1-Nitro-2-phenylethane (NPE), a hypotensive substance found in the essential oil of
Aniba canelilla, has vasodilator properties. Here, the underlying mechanism of such effect was studied
in rings of rat aorta under isometric recording conditions. In endothelium-intact
aortic rings, NPE (1–300µg/mL) relaxed the phenylephrine (PHE)-induced contractions
with IC50 values of 35.0 [23.3–52.6] µg/mL, effect significantly (n=22, P<0.05, Mann-Whitney)

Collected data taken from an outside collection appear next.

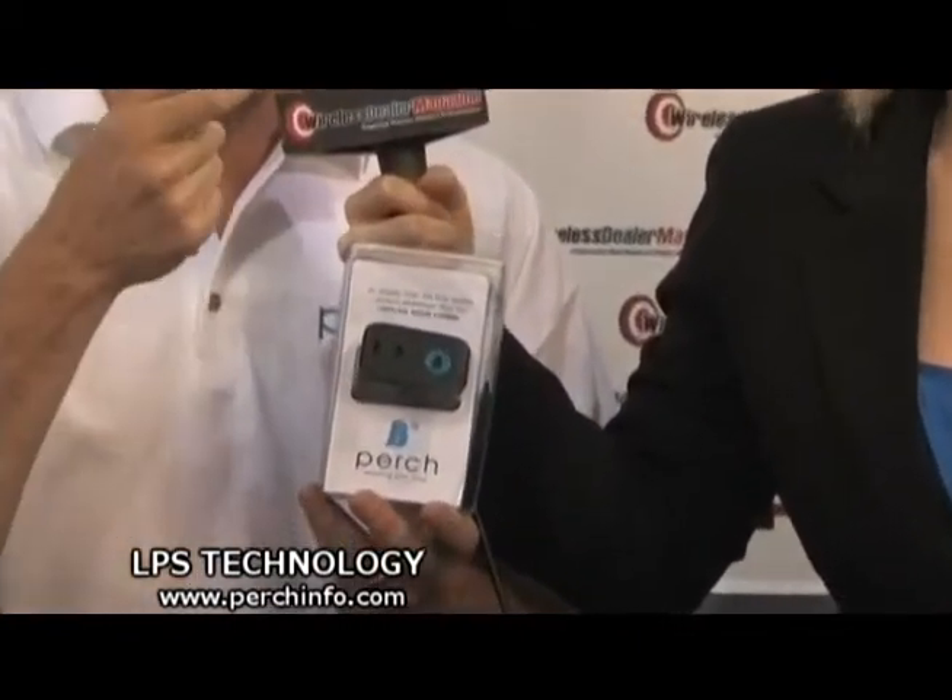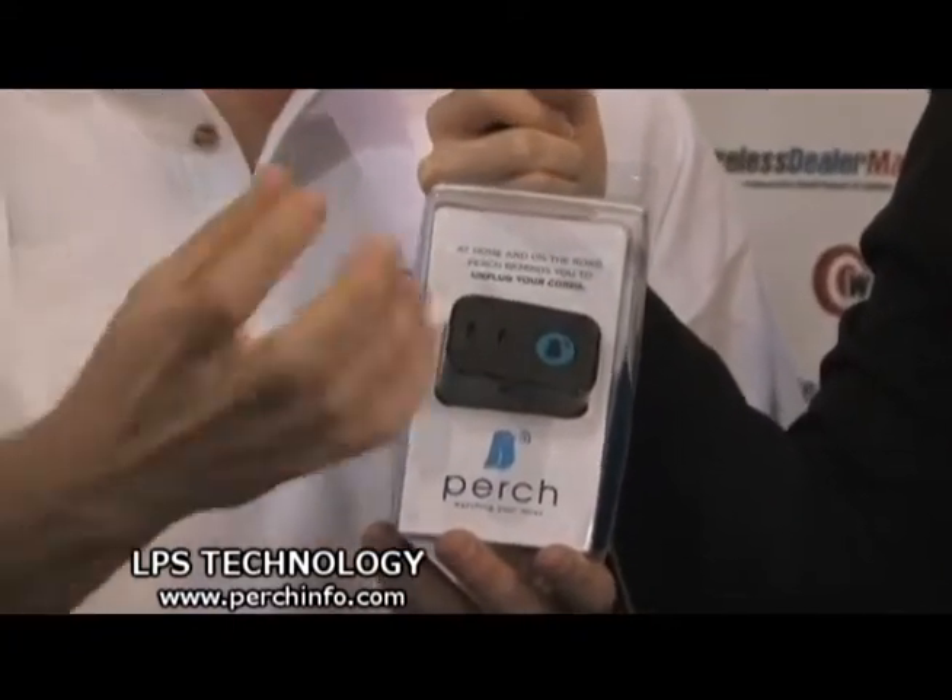Perch is a technology that can be integrated into any portable device charger. The product is paired with your device and it understands the electrical signature of that portable charger. So when you plug your device into the charger — whether it be portable razors, camcorders, laptops, or cellular phones — it knows that device is plugged in. If you remove the device from the charger and have not removed the charger from the wall within four seconds, it gives you both an audible and a visual alert reminding you to remove the charger from the wall.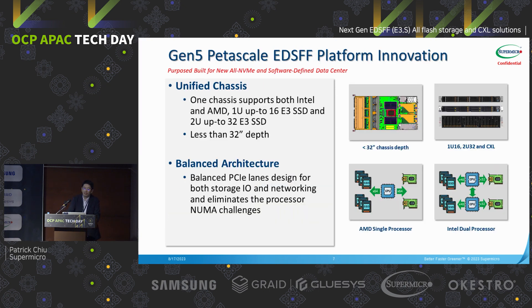Next, let's take a look at our PCIe Gen5 petascale innovations. The first is the unified chassis. Previously we had multiple chassis and multiple layout designs for E1.long, E1.short, and NF1. This time, Supermicro redesigned a unified chassis — one design that can support both AMD and Intel using a single motherboard with Supermicro's building block technologies. We can support 1U up to 16 E3 SSDs or 2U up to 32 E3 SSDs, and we don't need a PCIe switch due to the PCIe Gen5 CPU architecture. The chassis is less than 32 inches depth, easy to fit in all modern data centers.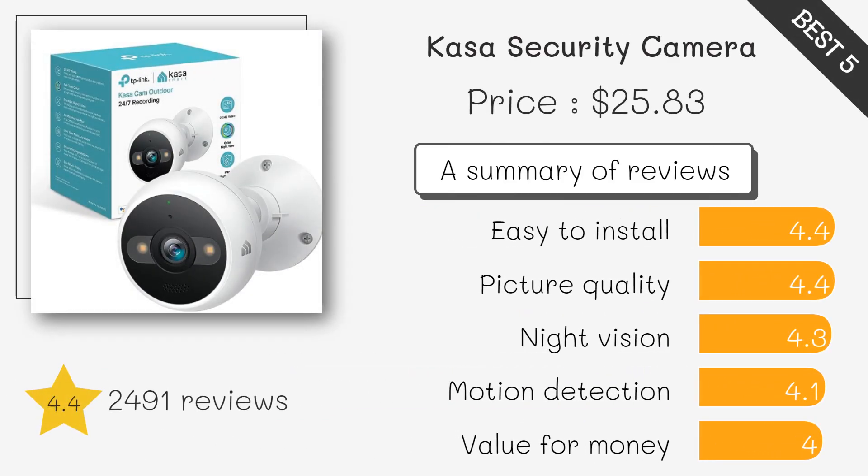The CASA Cam is a budget-friendly camera with impressive features, including color, night vision, and two-way audio. It's suitable for both indoor and outdoor use.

decreased by ODQ (10µM, n=6) or methylene blue (10µM, n=9) but not by endothelium
removal (n=7) or by pretreatment with L-NAME (100µM, n=6), indomethacin (10µM, n=6),
MDL-12,330A (3µM, n=7), KT5823 (0.5µM, n=7) or KT5720 (1µM, n=8). In Ca2+-free medium, in presence of K+ (60 mM, n=10) or PHE (1µM, n=7), CaCl2-induced contractions were almost abolished by NPE at 100µg/mL. In Ca2+-free medium, containing EGTA, the contractile response of PHE was significantly reduced
by NPE (100µg/mL, n=6), an effect prevented by treatment with ODQ (10µM, n=6) and
was inert on caffeine-induced contraction (n=6). Similar results were obtained with
sodium nitroprusside (n=6). In silico (docking) simulation revealed clusters of interactions
of NPE with the guanylate cyclase molecule. Thus, the vasorelaxant activity of NPE
on rat aorta appears due to its stimulatory properties on guanylate cyclase.